I guess anything’s possible.  But these kinds of forecasts have been around for a while and somehow, never come to fruition.  It’s very fashionable these days to forecast the demise of America with the associated parallels to the Roman Empire, yada yada yada.  While this particular author may point to short term statistics that purport to show signs of growth in European economies, given the big picture political background, it’s unlikely to be more than a blip in the longer term declining picture.  In an article for The Wall Street Journal a few weeks back, Bret Stephens ( http://online.wsj.com/article/SB10001424052748704057604575080602346820226.html )  articulated the fundamental structural flaw with the European way of doing things:

“…All European economic policies are the cultural derivatives of one dominant, nearly totalitarian statist ideology: the state is good, the market is bad,” says French economist Guy Sorman. The free market, he adds, is “perceived as fundamentally American, while statism is the ultimate form of patriotism…”

as well,

“…Then there is the media. Last week, German Foreign Minister Guido Westerwelle, who leads the country’s market-friendly Free Democrats, took to the pages of Die Welt to lament that Germany’s working poor make less than welfare recipients. “For too long,” he wrote, “we have perfected in Germany the redistribution [of wealth], forgetting where prosperity comes from. For his banal observations, Mr. Westerwelle was roundly accused of “[defaming] millions of welfare recipients” and urged to apologize to them. It takes a remarkably stultified intellectual climate for an op-ed to spark this kind of brouhaha: It is the empire of the Emperor’s New Clothes, adapted to the 21st century welfare state…”

With this mindset entrenched in most European cultures and governments, it is only a matter of time before the events in Greece find their way to the northern neighbors.  Once you have granted a set of entitlements to people, it is very hard to take them back.  Socialist leaning parties will maintain their grip on government because the masses who think they will benefit from wealth spreading will keep them in power.  While it may sound civilized for Europeans to routinely take anywhere from 4 to 8 weeks holiday a year, the fact is, someone pays for this.  Mostly, this will be manifest by higher prices, higher taxes and decreased productivity.  Try to sell this notion to the Chinese or Indians.  Canada is well on it’s way to emulating the European model as most government jobs entitle workers 3 to 4 weeks paid holidays a year.  If you happen to belong to a union, even better. 

Americans have historically operated on a different mindset, that is, the notion of working hard to get ahead.  This fundamental notion is the pillar of what makes America, America and created the whole  image of American exceptionalism.   Of course, at this time, there is strong movement to change this mindset.  The entitlement clamor is loud and alarmingly influential.  The siren song of getting something for nothing is an irresistible lure.  Like a powerful engine with cylinder leaks, the American economy is hampered by drains on productivity rather than aided by contributions to it.  The success or failure of this movement may in fact determine whether the U.S. can continue to be the world’s economic engine. 

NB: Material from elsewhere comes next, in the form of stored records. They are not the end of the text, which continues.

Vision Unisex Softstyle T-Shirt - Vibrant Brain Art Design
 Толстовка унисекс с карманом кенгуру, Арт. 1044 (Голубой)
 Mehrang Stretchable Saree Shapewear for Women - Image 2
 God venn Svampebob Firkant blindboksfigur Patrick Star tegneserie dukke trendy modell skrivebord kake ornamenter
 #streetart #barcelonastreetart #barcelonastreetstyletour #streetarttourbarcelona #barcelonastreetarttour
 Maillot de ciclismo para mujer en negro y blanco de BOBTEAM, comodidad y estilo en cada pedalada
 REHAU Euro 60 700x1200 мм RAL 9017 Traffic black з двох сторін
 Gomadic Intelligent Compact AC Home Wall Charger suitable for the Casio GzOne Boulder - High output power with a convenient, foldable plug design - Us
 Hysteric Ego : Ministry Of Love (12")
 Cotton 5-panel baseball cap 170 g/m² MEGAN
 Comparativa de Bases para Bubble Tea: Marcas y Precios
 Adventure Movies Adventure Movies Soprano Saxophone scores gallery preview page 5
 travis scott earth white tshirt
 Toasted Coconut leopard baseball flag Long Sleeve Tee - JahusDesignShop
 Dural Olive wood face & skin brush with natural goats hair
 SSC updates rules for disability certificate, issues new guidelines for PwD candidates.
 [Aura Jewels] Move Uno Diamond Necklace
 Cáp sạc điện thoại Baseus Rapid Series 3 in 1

 It may be noted that historians have opined that Rome was destroyed by rot from within, not from external forces.  It’s hard to disagree with this premise as it applies to the U.S., given what’s happened over the past few years.  The most important thing Americans can do to reverse their demise is to excise  the rot.  As can be seen in Europe, once rot sets in, it’s pervasive.  As if Americans want to be cheese eating surrender monkeys who think soccer is interesting.